[Image-text web data]
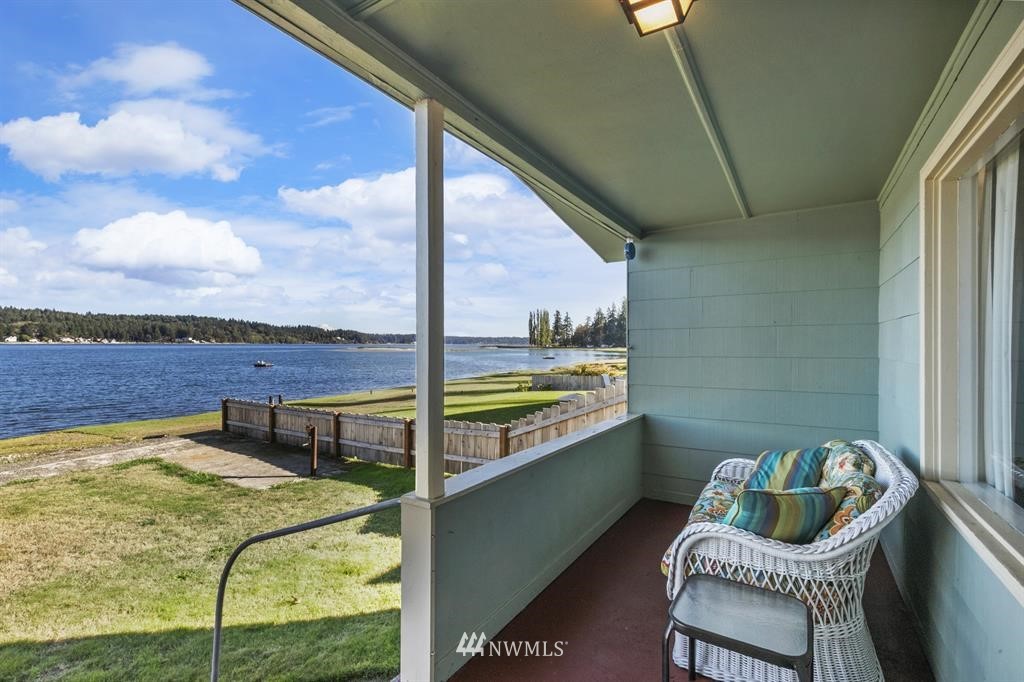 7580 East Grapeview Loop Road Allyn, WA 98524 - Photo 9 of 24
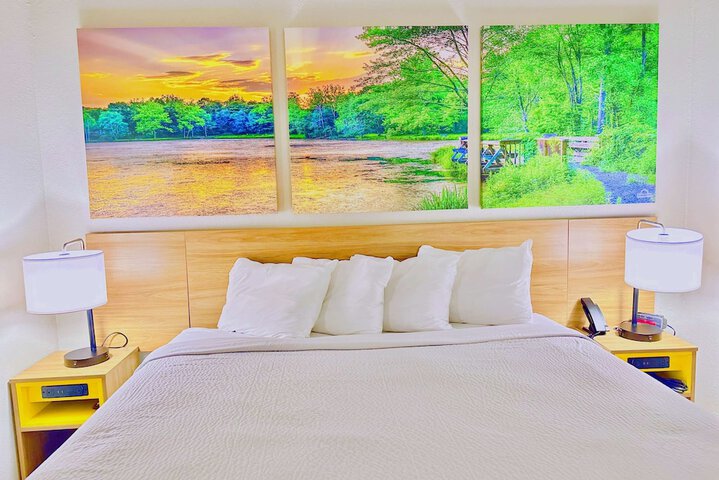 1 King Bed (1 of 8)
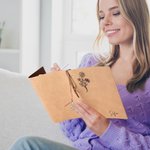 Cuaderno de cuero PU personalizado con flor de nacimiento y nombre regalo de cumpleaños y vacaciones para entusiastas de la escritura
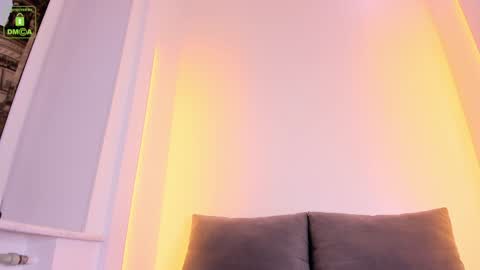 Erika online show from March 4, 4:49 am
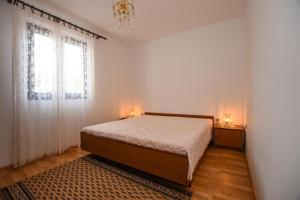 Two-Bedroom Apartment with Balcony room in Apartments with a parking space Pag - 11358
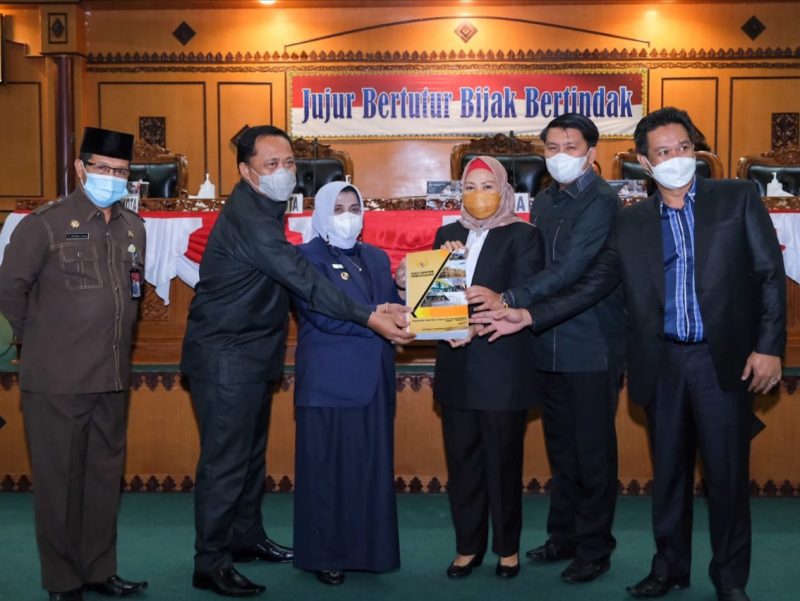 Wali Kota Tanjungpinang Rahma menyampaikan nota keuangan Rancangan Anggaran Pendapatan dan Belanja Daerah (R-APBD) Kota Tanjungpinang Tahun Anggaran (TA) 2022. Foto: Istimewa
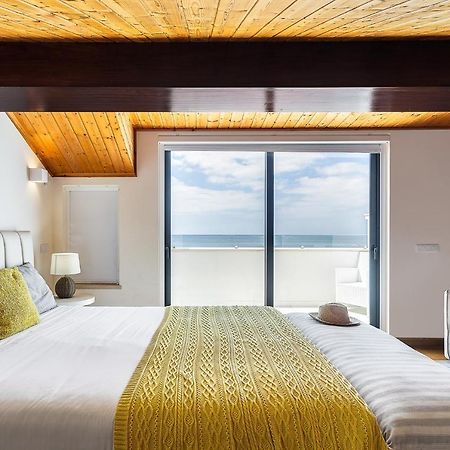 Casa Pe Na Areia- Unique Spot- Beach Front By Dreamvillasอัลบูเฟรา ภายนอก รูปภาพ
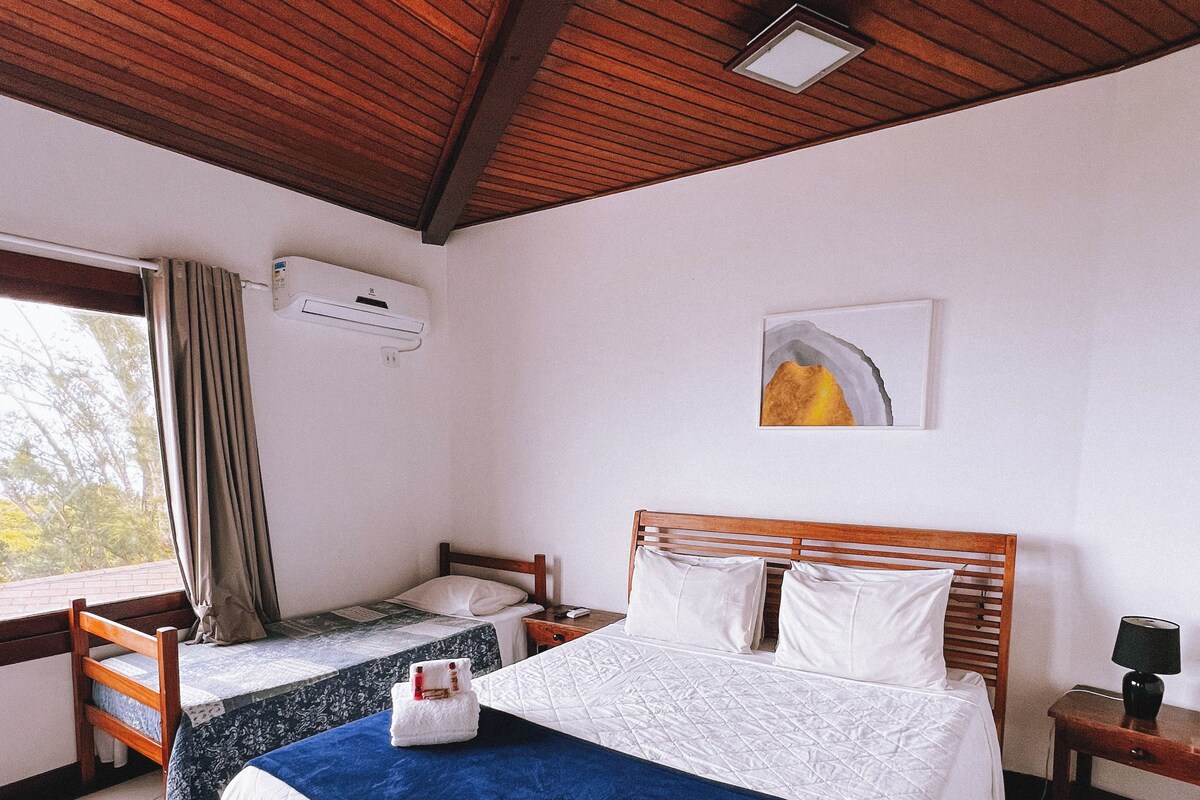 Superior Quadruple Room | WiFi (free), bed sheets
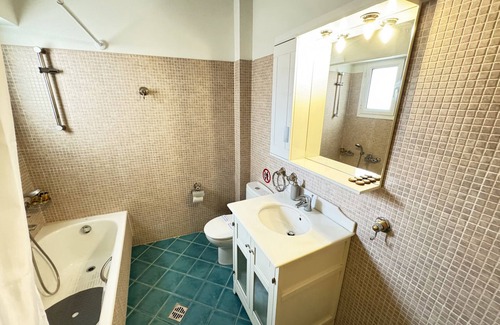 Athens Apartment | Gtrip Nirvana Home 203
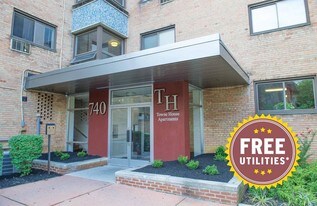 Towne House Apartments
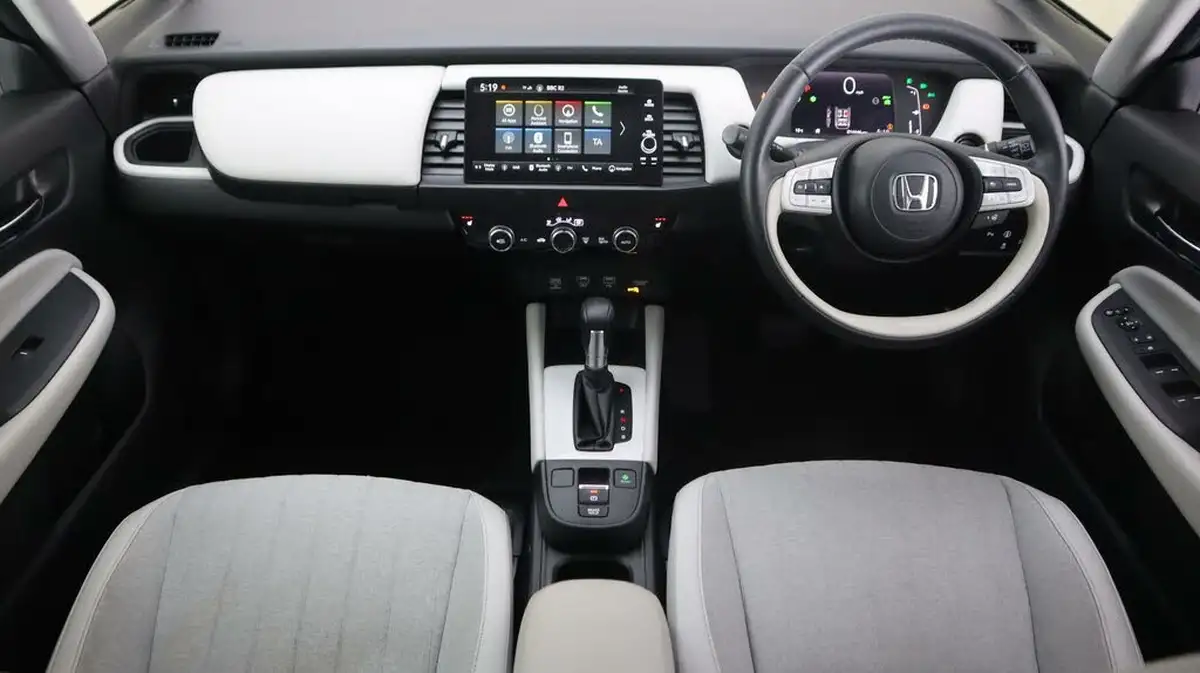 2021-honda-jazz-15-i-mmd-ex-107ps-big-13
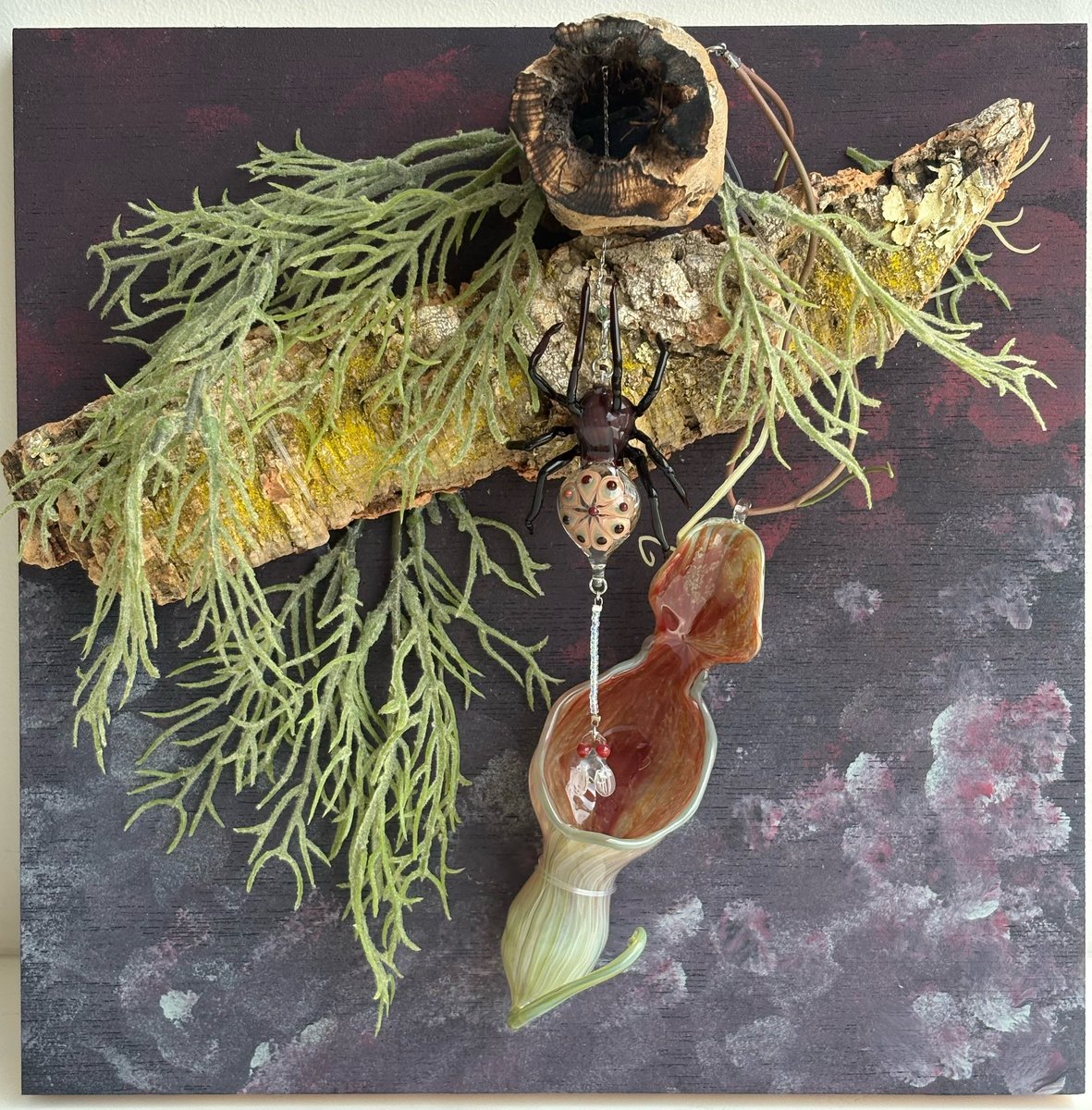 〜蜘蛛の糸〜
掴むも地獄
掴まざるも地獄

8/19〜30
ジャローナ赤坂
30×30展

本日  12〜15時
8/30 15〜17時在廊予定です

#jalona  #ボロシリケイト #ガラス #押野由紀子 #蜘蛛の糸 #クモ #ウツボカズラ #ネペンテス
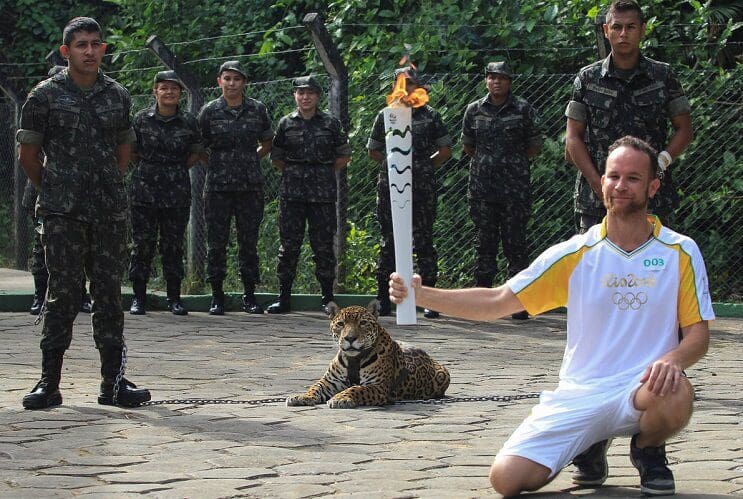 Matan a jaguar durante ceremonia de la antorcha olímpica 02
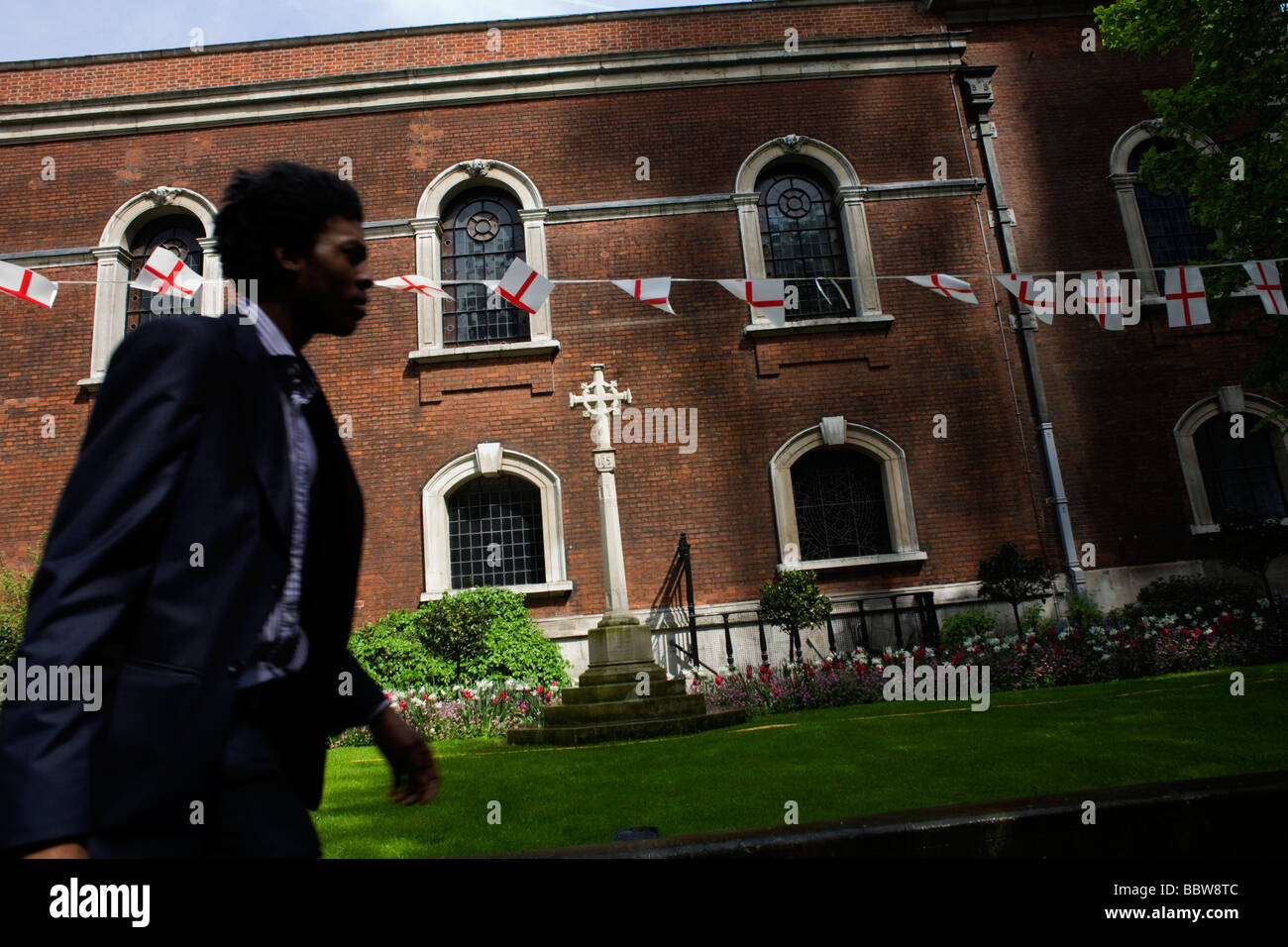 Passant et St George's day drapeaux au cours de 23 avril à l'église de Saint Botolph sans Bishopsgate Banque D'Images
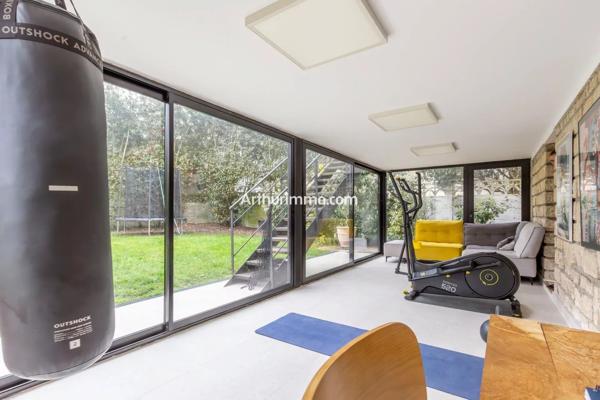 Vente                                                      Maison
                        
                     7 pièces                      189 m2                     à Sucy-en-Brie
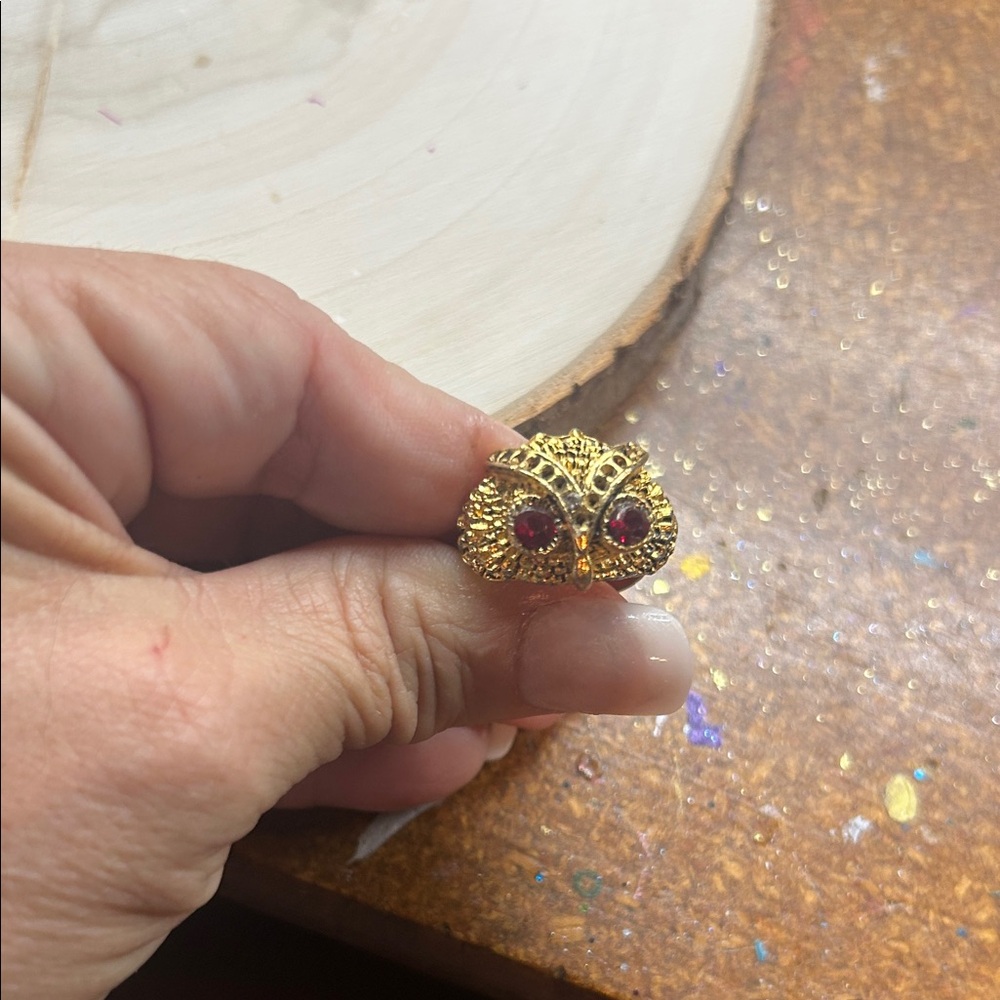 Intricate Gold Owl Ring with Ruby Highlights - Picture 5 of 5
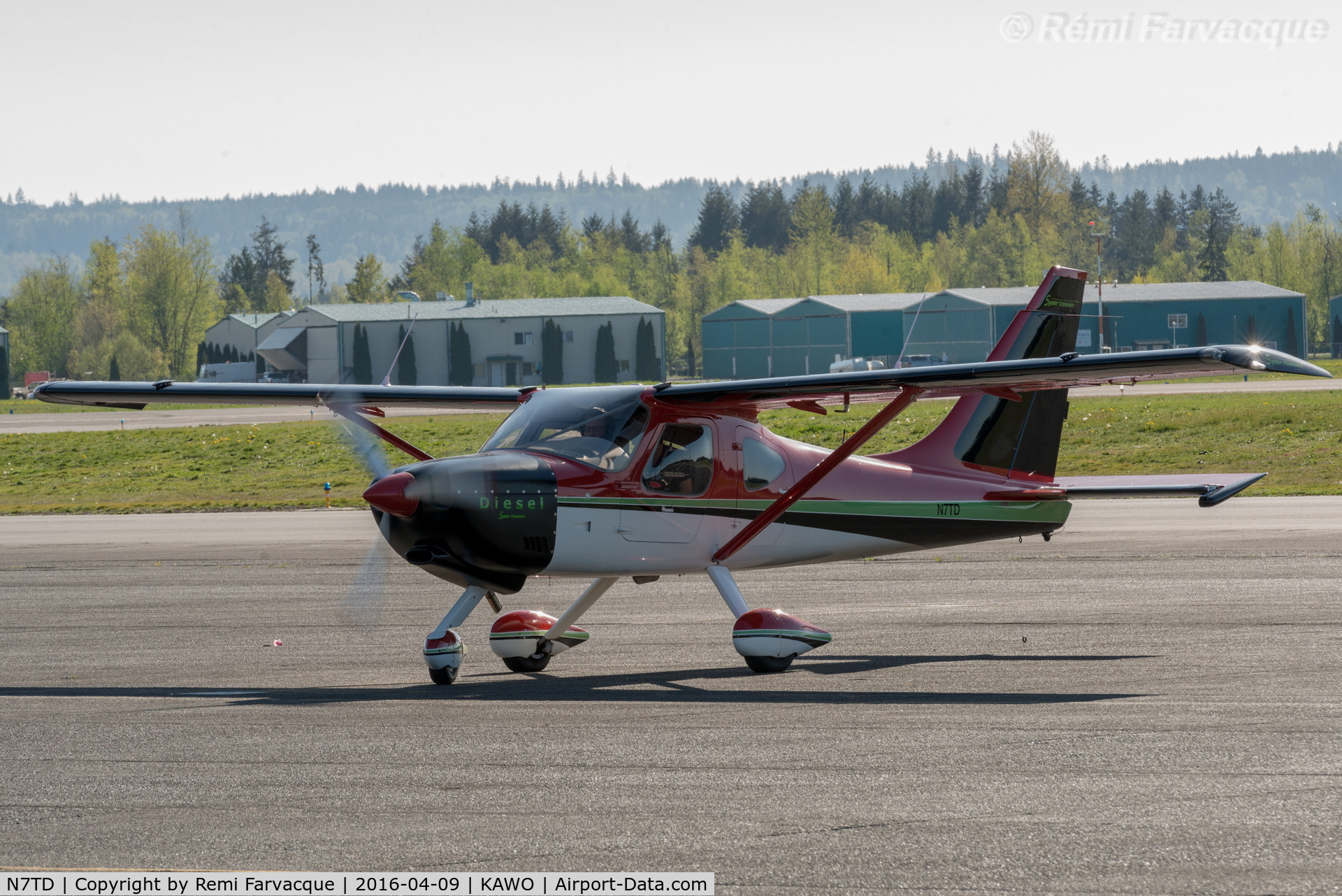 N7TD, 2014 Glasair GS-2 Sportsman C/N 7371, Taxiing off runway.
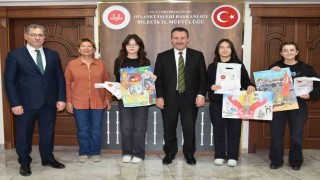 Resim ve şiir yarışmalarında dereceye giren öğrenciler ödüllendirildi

= Task details =
Output the records above exactly as they are, leaving out the pictures.

= Output of the task =
 7580 East Grapeview Loop Road Allyn, WA 98524 - Photo 9 of 24
 1 King Bed (1 of 8)
 Cuaderno de cuero PU personalizado con flor de nacimiento y nombre regalo de cumpleaños y vacaciones para entusiastas de la escritura
 Erika online show from March 4, 4:49 am
 Two-Bedroom Apartment with Balcony room in Apartments with a parking space Pag - 11358
 Wali Kota Tanjungpinang Rahma menyampaikan nota keuangan Rancangan Anggaran Pendapatan dan Belanja Daerah (R-APBD) Kota Tanjungpinang Tahun Anggaran (TA) 2022. Foto: Istimewa
 Casa Pe Na Areia- Unique Spot- Beach Front By Dreamvillasอัลบูเฟรา ภายนอก รูปภาพ
 Superior Quadruple Room | WiFi (free), bed sheets
 Athens Apartment | Gtrip Nirvana Home 203
 Towne House Apartments
 2021-honda-jazz-15-i-mmd-ex-107ps-big-13
 〜蜘蛛の糸〜
掴むも地獄
掴まざるも地獄

8/19〜30
ジャローナ赤坂
30×30展

本日  12〜15時
8/30 15〜17時在廊予定です

#jalona  #ボロシリケイト #ガラス #押野由紀子 #蜘蛛の糸 #クモ #ウツボカズラ #ネペンテス
 Matan a jaguar durante ceremonia de la antorcha olímpica 02
 Passant et St George's day drapeaux au cours de 23 avril à l'église de Saint Botolph sans Bishopsgate Banque D'Images
 Vente                                                      Maison
                        
                     7 pièces                      189 m2                     à Sucy-en-Brie
 Intricate Gold Owl Ring with Ruby Highlights - Picture 5 of 5
 N7TD, 2014 Glasair GS-2 Sportsman C/N 7371, Taxiing off runway.
 Resim ve şiir yarışmalarında dereceye giren öğrenciler ödüllendirildi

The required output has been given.